▼
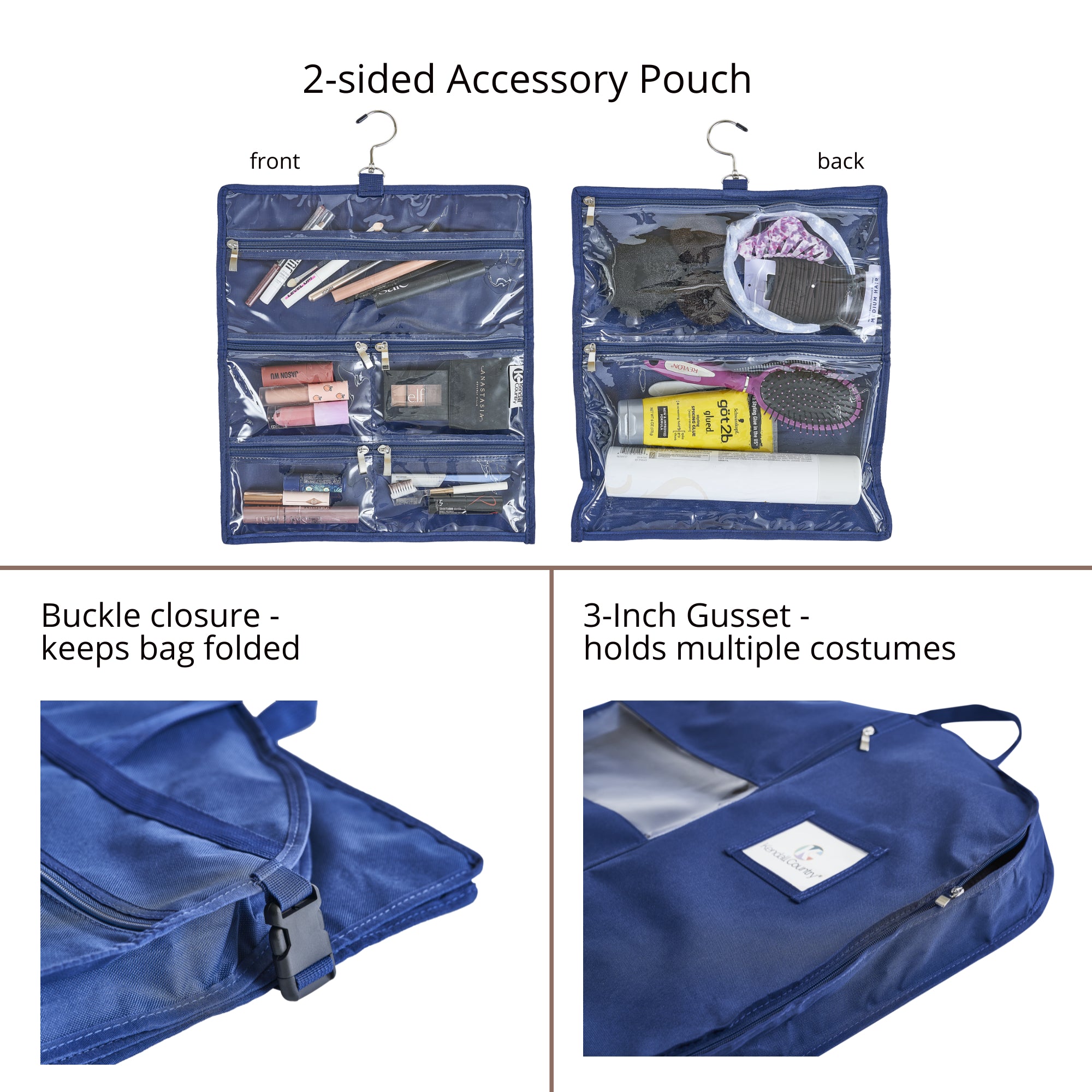 52&quot; Waterproof Garment Bag with Accessory Bag - Midnight Blue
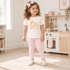 Magnolia Baby_Girl Playwear Set - Merci Pasta & Pink Leggings_1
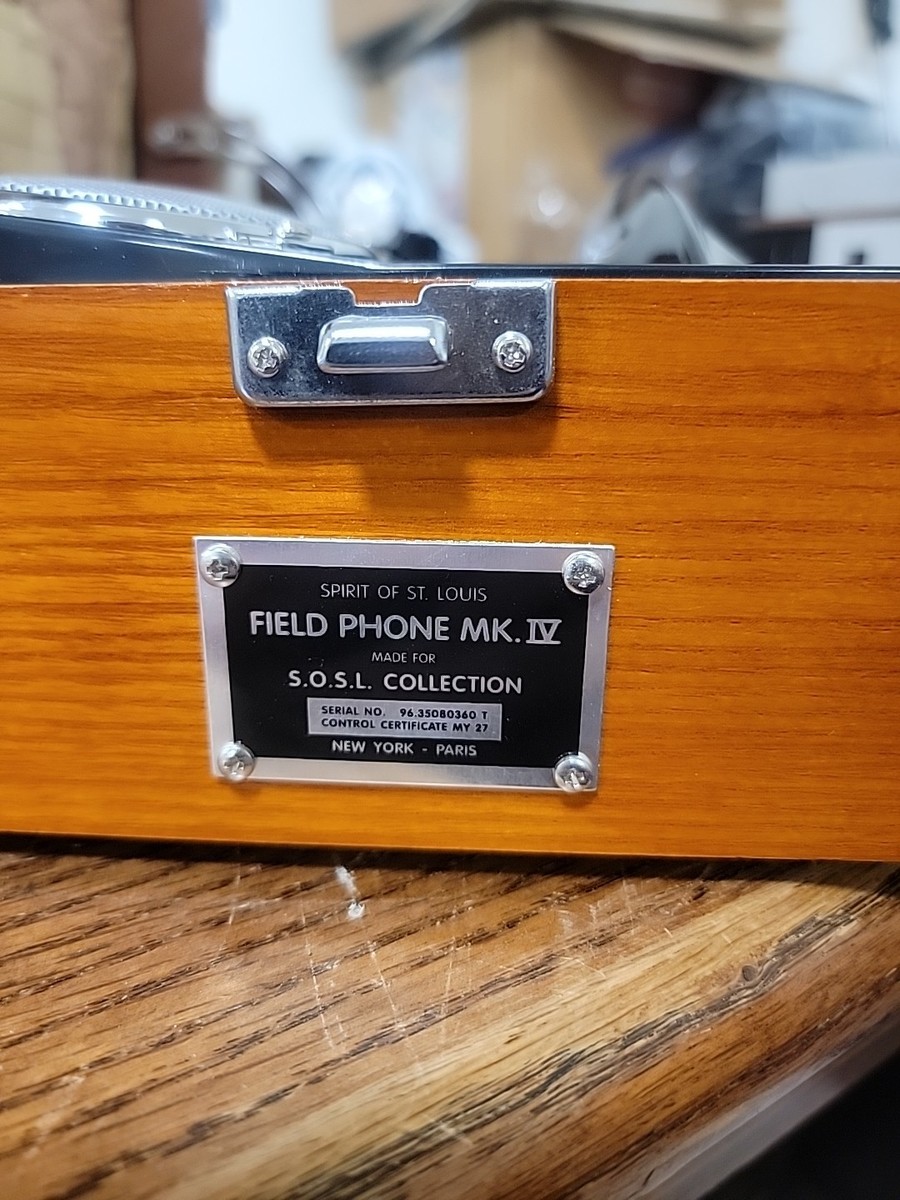 Lindbergh Spirit of St Louis SOSL Field Phone Mark IV Clock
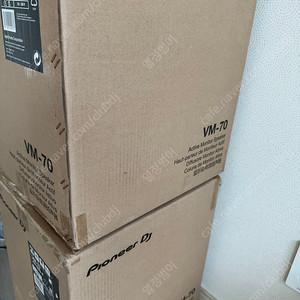 Pioneer DJ VM-70 모니터 스피커 새상품 팝니다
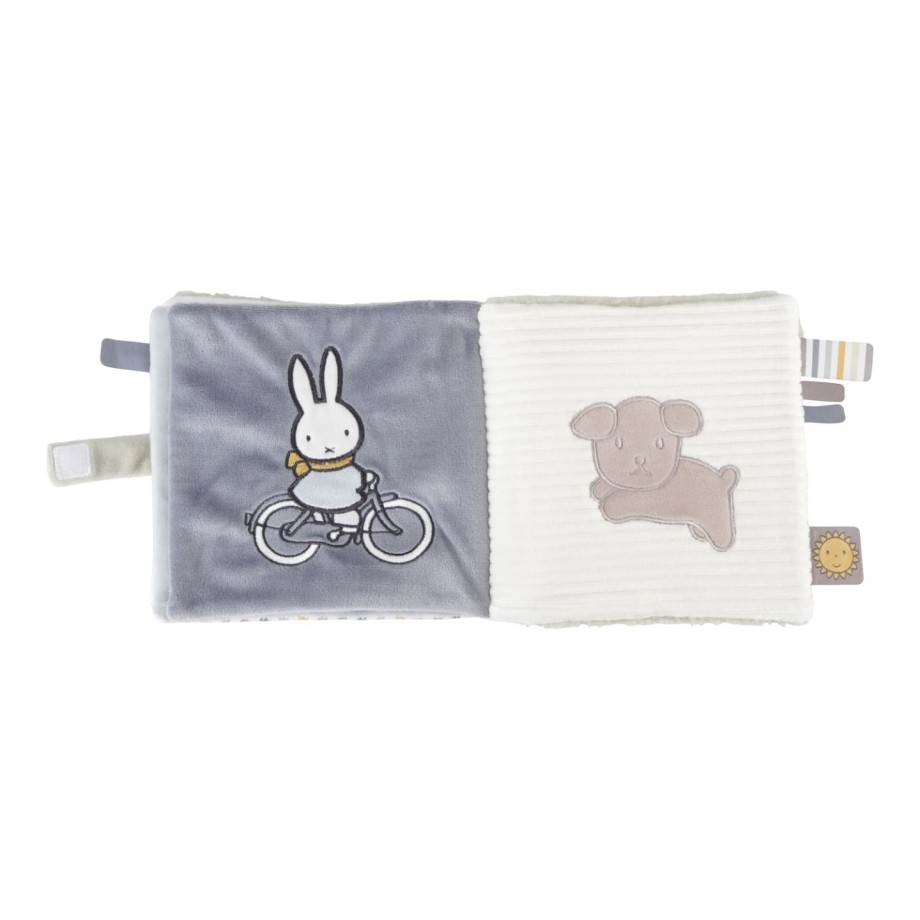 Livre d'activités en tissu Miffy Fluffy bleu-vert - jeu d'éveil bébé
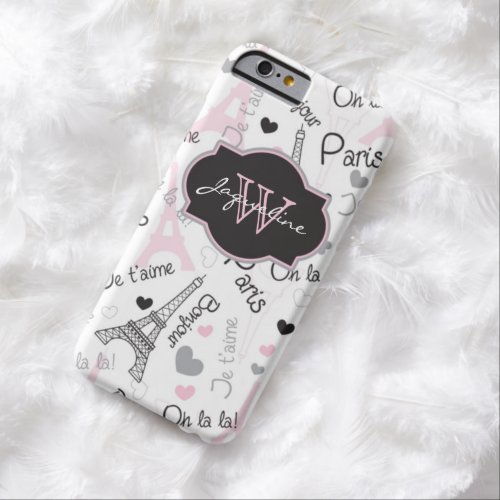 iPhone 6 Case  Paris  Eiffel Tower  Hearts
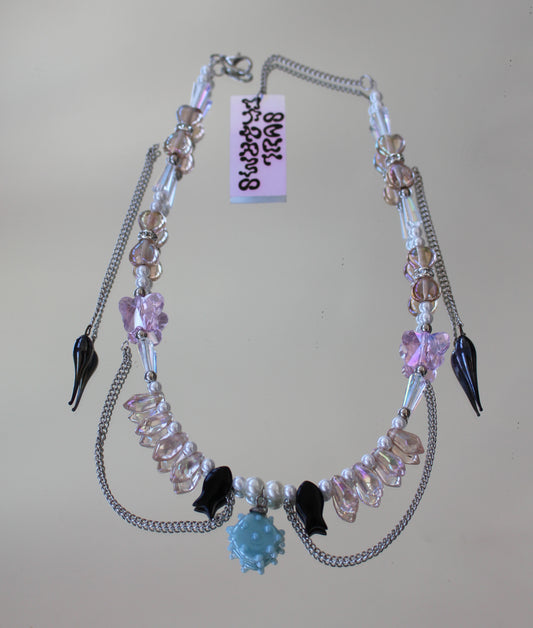 A ALMASOUL FISH 03 NECKLACE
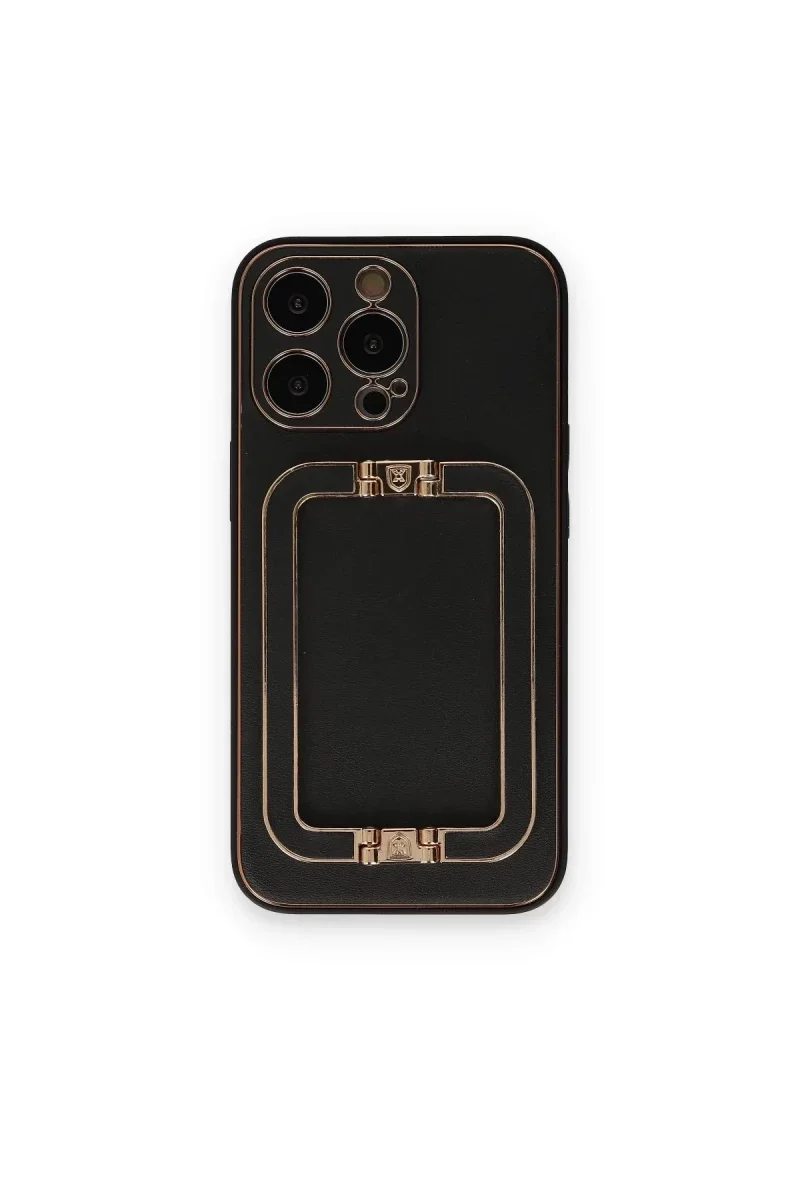 Apple iPhone 14 Pro Max Kılıf Coco Elit Kapak - Siyah Apple iPhone 14 Pro Max Kılıf Coco Elit Kapak - Siyah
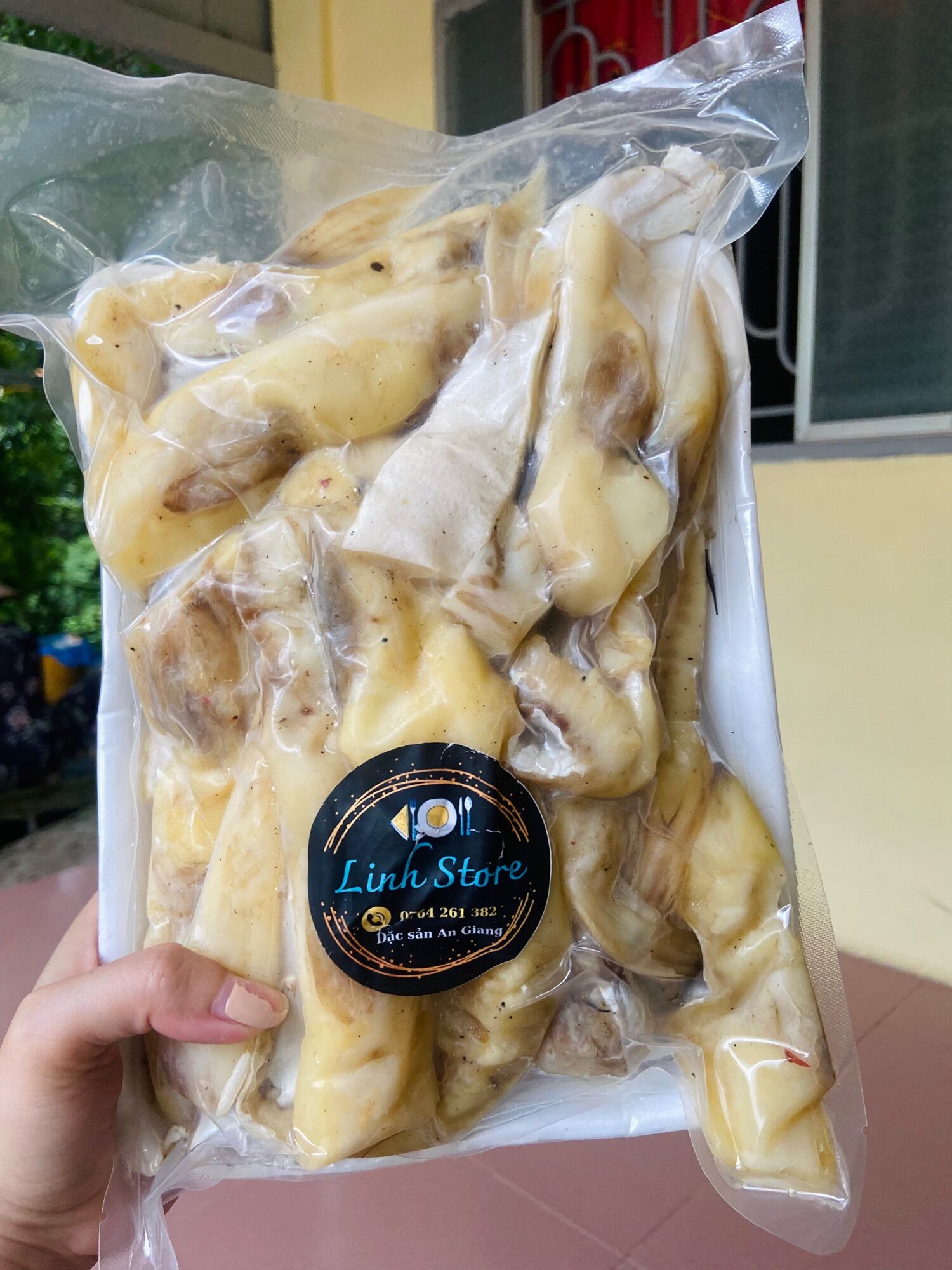 500g Khô lường cá tra phồng 3 nắng An Giang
▲
▸ TASK REQUIREMENTS: Set down every entry above without alteration, but print no images.

▸ REPLY:
 52&quot; Waterproof Garment Bag with Accessory Bag - Midnight Blue
 Magnolia Baby_Girl Playwear Set - Merci Pasta & Pink Leggings_1
 Lindbergh Spirit of St Louis SOSL Field Phone Mark IV Clock
 Pioneer DJ VM-70 모니터 스피커 새상품 팝니다
 Livre d'activités en tissu Miffy Fluffy bleu-vert - jeu d'éveil bébé
 iPhone 6 Case  Paris  Eiffel Tower  Hearts
 A ALMASOUL FISH 03 NECKLACE
 Apple iPhone 14 Pro Max Kılıf Coco Elit Kapak - Siyah Apple iPhone 14 Pro Max Kılıf Coco Elit Kapak - Siyah
 500g Khô lường cá tra phồng 3 nắng An Giang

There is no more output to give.